(Crawled caption data)
▼▼▼

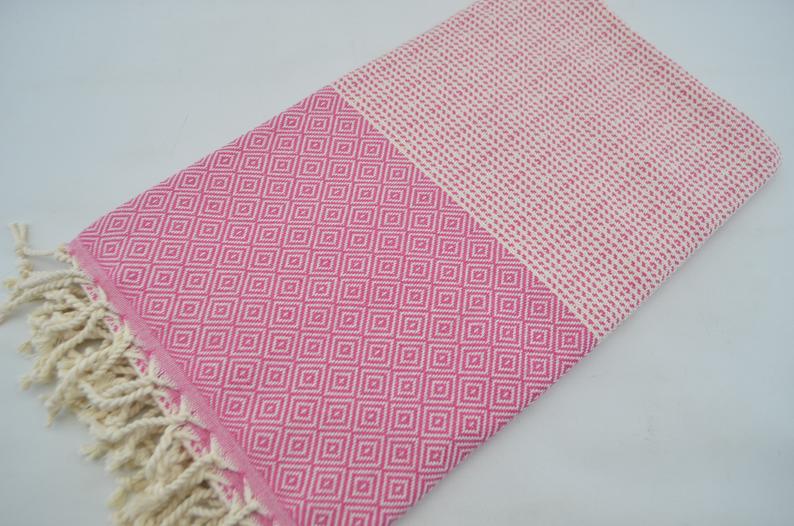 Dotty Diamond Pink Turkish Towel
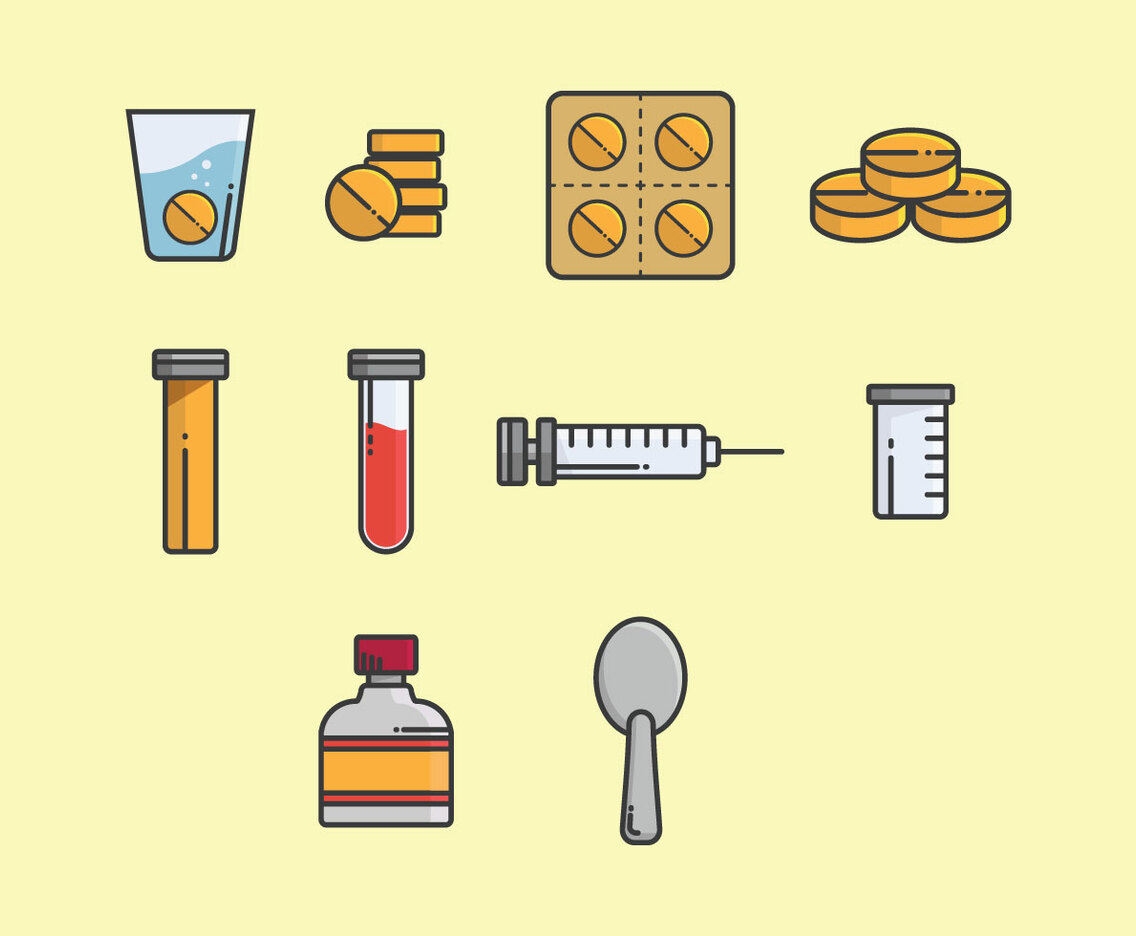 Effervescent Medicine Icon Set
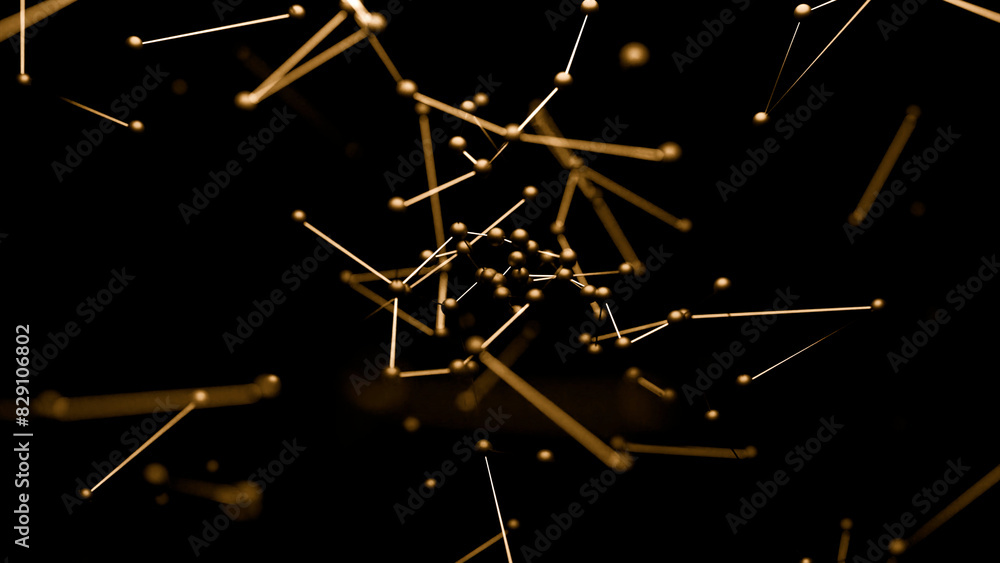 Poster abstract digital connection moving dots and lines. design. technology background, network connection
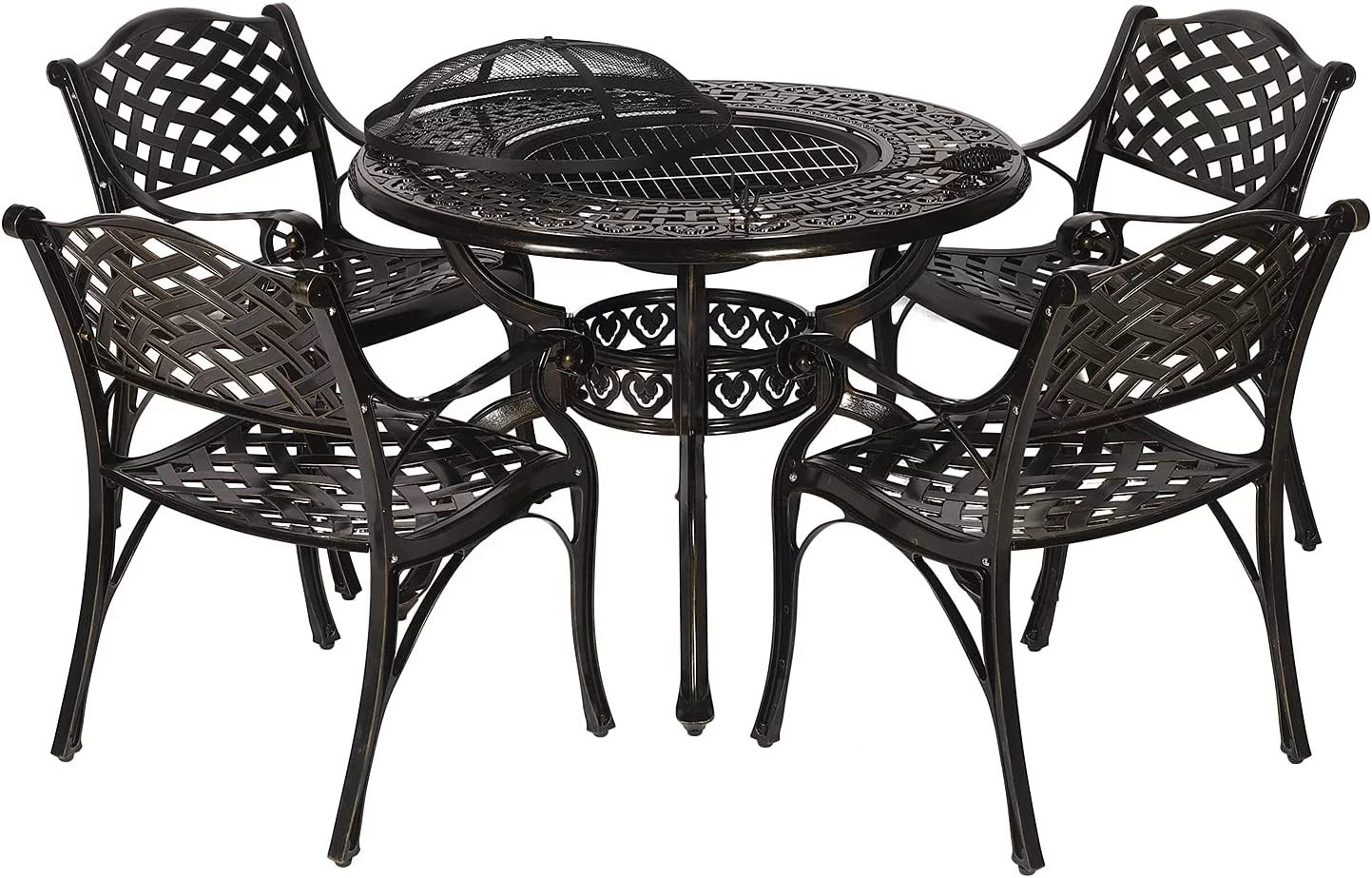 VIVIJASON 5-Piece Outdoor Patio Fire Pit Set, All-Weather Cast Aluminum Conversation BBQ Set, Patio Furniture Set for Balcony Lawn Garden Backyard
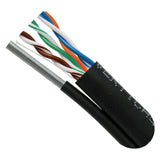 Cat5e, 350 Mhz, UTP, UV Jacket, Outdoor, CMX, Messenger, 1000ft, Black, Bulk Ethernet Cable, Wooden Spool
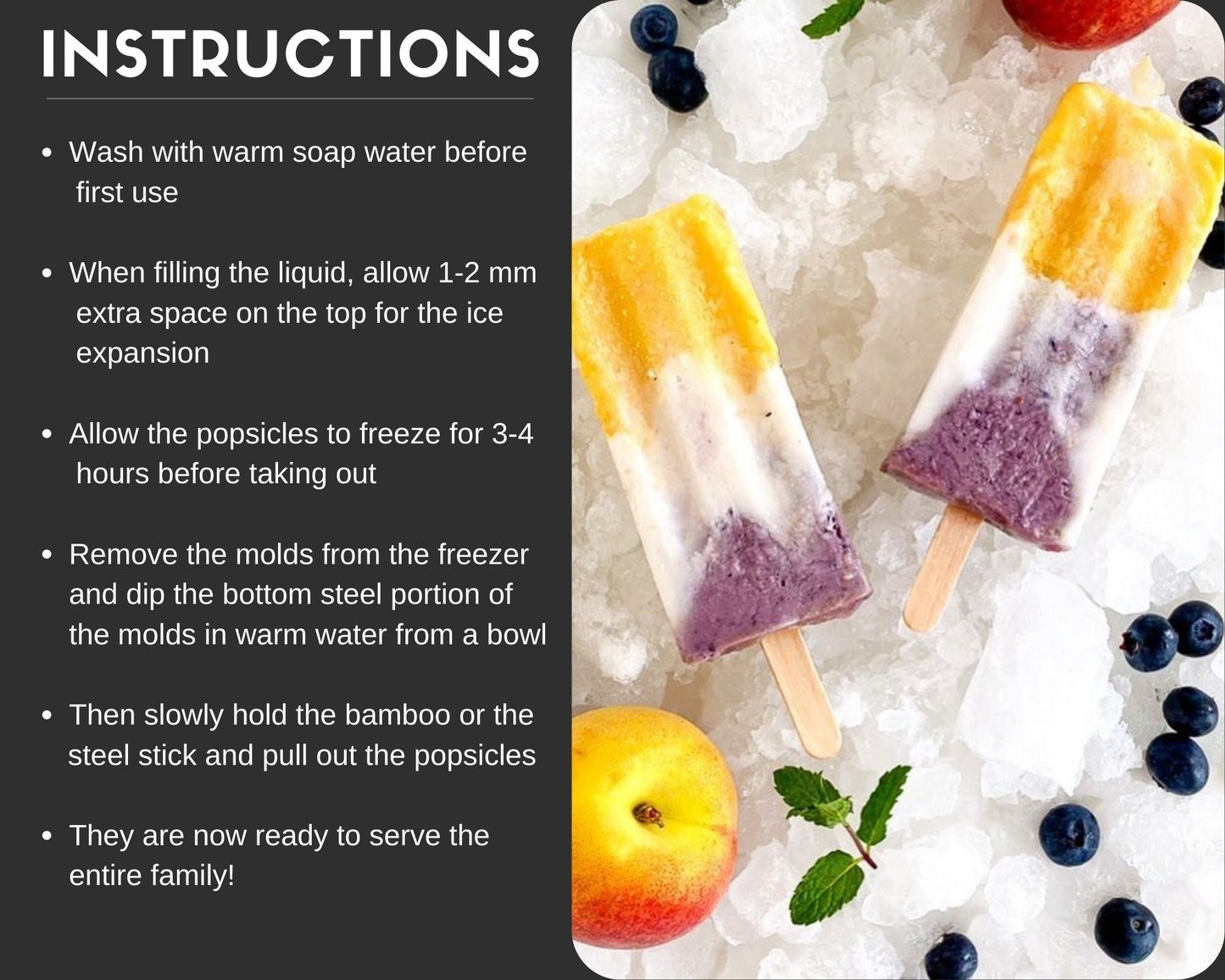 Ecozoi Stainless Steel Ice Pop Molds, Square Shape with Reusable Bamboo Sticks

▲▲▲

Would you transcribe, exactly and only, the lines from the one that contains "Effervescent Medicine Icon Set" through the last line of the data above, without any pictures?

 Effervescent Medicine Icon Set
 Poster abstract digital connection moving dots and lines. design. technology background, network connection
 VIVIJASON 5-Piece Outdoor Patio Fire Pit Set, All-Weather Cast Aluminum Conversation BBQ Set, Patio Furniture Set for Balcony Lawn Garden Backyard
 Cat5e, 350 Mhz, UTP, UV Jacket, Outdoor, CMX, Messenger, 1000ft, Black, Bulk Ethernet Cable, Wooden Spool
 Ecozoi Stainless Steel Ice Pop Molds, Square Shape with Reusable Bamboo Sticks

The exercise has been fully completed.